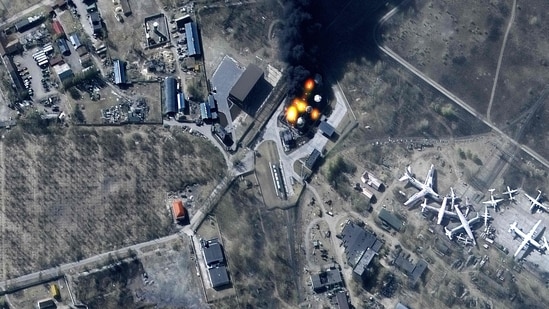 serangan terhadap pangkalan dekat Lviv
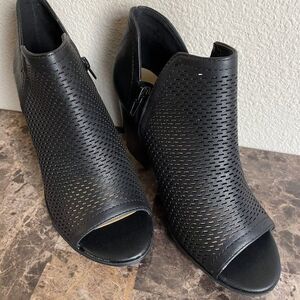 Soda / Black Caster Ankle Boots / Chunky Heel  - 3.5" / Size 6.5 / Zip Closure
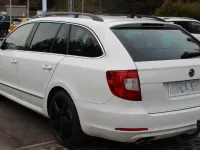 Używany Skoda Superb 170 KM (125 kW) 2012 Biały Kombi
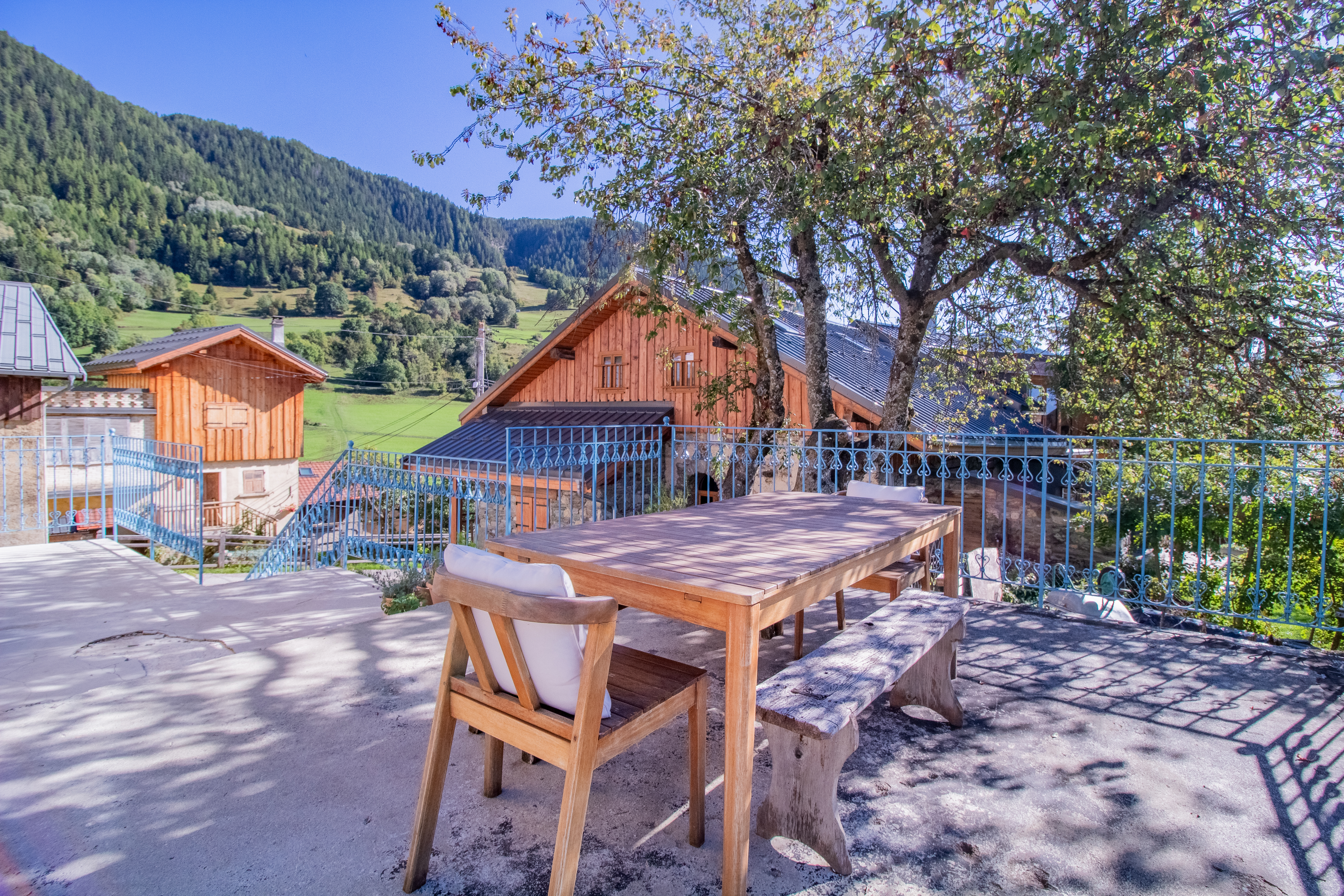 Propriété en France à vendre à La Plagne Tarentaise, Savoie - €892 450 - photo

--

Aim of the exercise
Your copy should hold all the data word for word. It should hold no pictures.

Task solution
 serangan terhadap pangkalan dekat Lviv
 Soda / Black Caster Ankle Boots / Chunky Heel  - 3.5" / Size 6.5 / Zip Closure
 Używany Skoda Superb 170 KM (125 kW) 2012 Biały Kombi
 Propriété en France à vendre à La Plagne Tarentaise, Savoie - €892 450 - photo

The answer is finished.